Shipping and order fulfillment
“For the first six years I was in business, I was the only employee. I used an outsourced warehouse service for anything that wouldn’t fit in my house or garage. Eventually, it grew too expensive to outsource warehousing anymore. As our order volume kept increasing exponentially over the years, so did our monthly warehouse storage and handing fees. Once it reached a tipping point, it actually made more financial sense for us to purchase a 14,000 square foot warehouse and office building. Now we ship from our own location.”
“We still drop ship a few products, but we like to focus on products that can’t be dropped shipped, which helps reduce competition from the types of stores that only drop ship and are happy with extremely low margins.”
Credit card payments
“We use Authorize.net as our credit card gateway. We have been happy with their service and rates, for the most part. They work well with our order management software, Stone Edge, and that is why we use them.”
Social media
“We have been experimenting with Twitter and Facebook but haven’t really found it to generate a lot of traffic or sales. People go on Facebook to hang out with their friends and not to buy things, it seems to me.”
“We shoot a lot of our own product videos and some lawn and gardening informational videos, and we put them on YouTube. Those videos get thousands of aggregate views, and they do help generate sales. We embed these videos directly into our product pages so that people can watch a video when they are trying to decide if they want to buy something. You can see our YouTube channel at Youtube.com/cleanairgardening.”
Blogs
“We have a Clean Air Gardening blog, and it has been a good way to generate traffic. We keep several weeks’ worth of content prescheduled in the blog, so we don’t have to constantly worry about, ‘What are we going to write about today?’”
“We do a lot of informational blog posts about eco-friendly gardening in general, but we do some product related posts too. It gives you multiple chances for your product to show up in a search engine if you have an original blog post about the product and a product page. The blog post can generate search traffic right to the product page, where you can make the sale. We’ll do posts like ‘Products We Are Using’ and ‘Newly Added Product.’”
Customer service
“Since we’re understaffed, we aren’t always as good at answering the phones as we’d like to be. We try to make up for that by shipping quickly, so there isn’t as much of a need for customer service. It’s like that book, The Best Service is No Service.”
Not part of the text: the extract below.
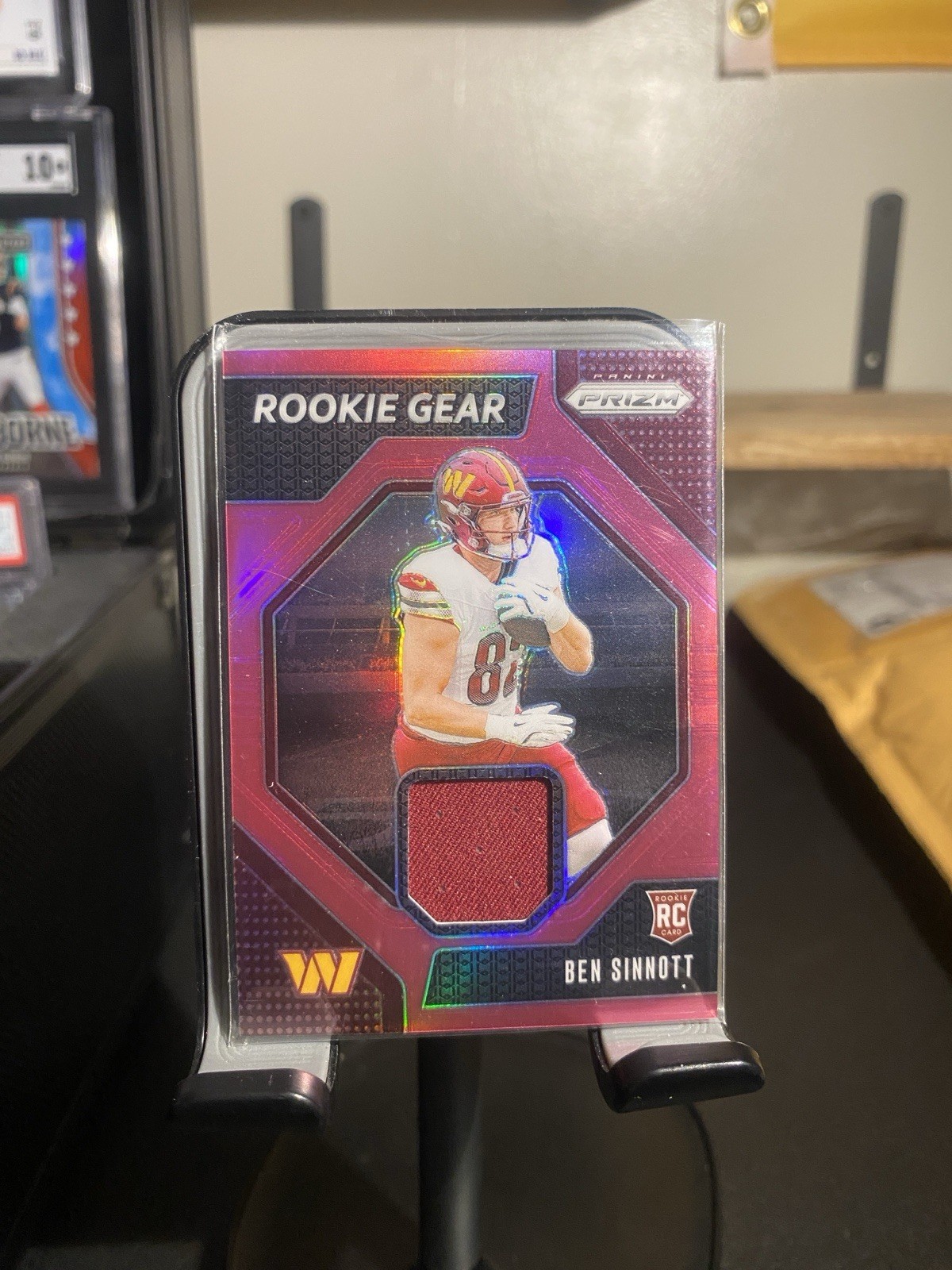 2024 Panini Prizm Ben Sinnott Pink Rookie Gear #RG-BST Patch RC Commanders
“We have a 60-day money back guarantee, which is longer than most companies. If a customer doesn’t like something, we are generally pretty easy to work with when it comes to returns, exchanges, etc.”
“I look to companies like Zappos and L.L. Bean as models. I’d love to be half as good as either of those guys.”
General business attitude
“Our business is all about environmentally friendly products, so we try to run our business with that in mind. We have a whole section of our website devoted to all of the “green” things we do at Clean Air Gardening, and we’re constantly looking for ways to improve.
“We also have a really cool program during checkout where people can choose to donate $1, $5 or $10 to Trees for the Future, a nonprofit that plants trees in developing countries. We match those donations, dollar for dollar, which effectively doubles the customer’s impact with their donation. In 2008, we raised just over $13,000 for Trees for the Future. That money will plant around 130,000 trees. How’s that for making a difference?”